The utility abandoned a plan to restart the unit, which has an output of 559 megawatts, in the face of the huge costs involved in enhancing the safety of the reactor that is already near the end of its 40-year operating life.
The firm also took into account that it is unable to secure land to build a counterterrorism facility, which is required under Japan’s new nuclear safety rules.
Kyushu Electric President Kazuhiro Ikebe met Saga Gov. Yoshinori Yamaguchi Wednesday to notify him of the decision.
“Even if the plant is decommissioned, it doesn’t mean the nuclear fuel or radioactive materials will disappear immediately,” Yamaguchi said. “We hope you will be absolutely sure about securing safety.”
The move had been a focus of attention as the firm needed to apply to extend the unit’s operations by March 2020, a year before it would reach its operating limit.
The reactor, which started operating in March 1981, has been idled since a routine checkup shortly before the March 2011 earthquake and tsunami disaster that triggered the Fukushima nuclear crisis.
The Genkai plant consists of four units. The utility already decided in 2015 to scrap its aging No. 1 unit, which had the same output capacity as the No. 2 reactor. Decommissioning work at the No. 1 reactor started in July 2017 and is expected to continue through fiscal 2043.
Kyushu Electric restarted the newer Nos. 3 and 4 reactors, which each have an output of 1,180 megawatts, in 2018, after securing approval under the stricter safety rules introduced in the wake of the core meltdowns at the Fukushima No. 1 power plant.
Aside from the reactors at the Fukushima plant, decommissioning of 10 reactors at seven plants in Japan has already been decided since the Nuclear Regulation Authority introduced the new rules. Genkai’s No. 2 unit will be the 11th such reactor.

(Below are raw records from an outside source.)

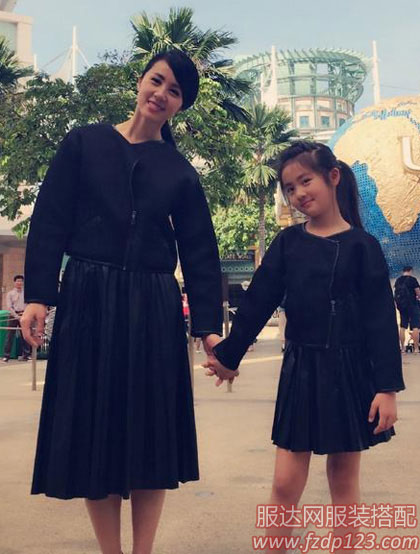李小璐和孙莉谁美，再来看她们给女儿的穿衣打扮怎么差距就那么大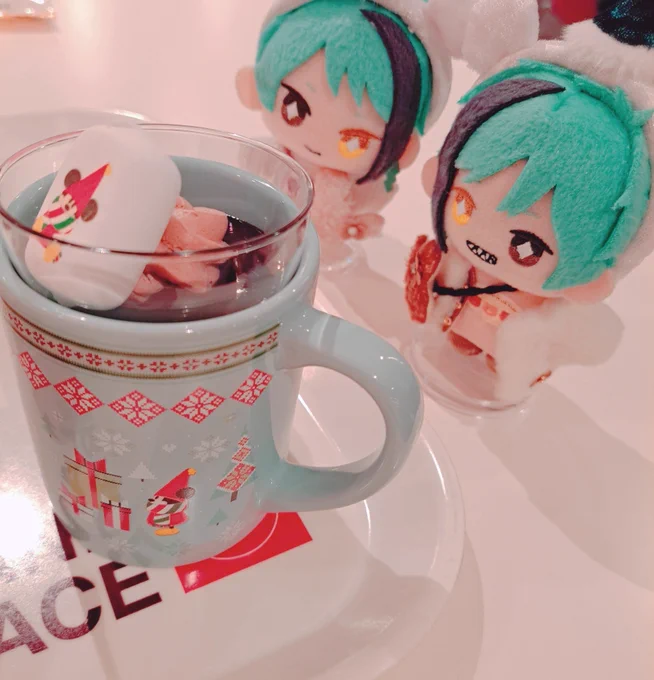 イン!ましゅまろ半分こしましょうね、って話してるけどそれはかいぬしのです 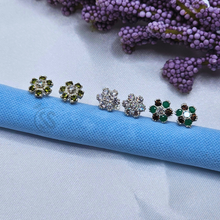 Zircon Silver (Chandi) Ear Pins (Tops)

There have been a number of operational problems at the Genkai power plant. In May last year, pumps installed to control the circulation of cooling water at the No. 4 unit suffered malfunctions, following a steam leak from a pipe at the No. 3 reactor just a week after it was reactivated in March.
Some local residents have sought to stop operation of the Nos. 3 and 4 units with a temporary injunction, with doubts about the safety measures taken and citing the risk of volcanic eruptions in the region. Their case is pending at the Fukuoka High Court.
Last month, Kyushu Electric reported its group net profit had dropped to ¥26.69 billion ($241 million) in the April-December period, down 63.8 percent from the year before, as costs for a regular check at another nuclear plant weighed on its balance sheet.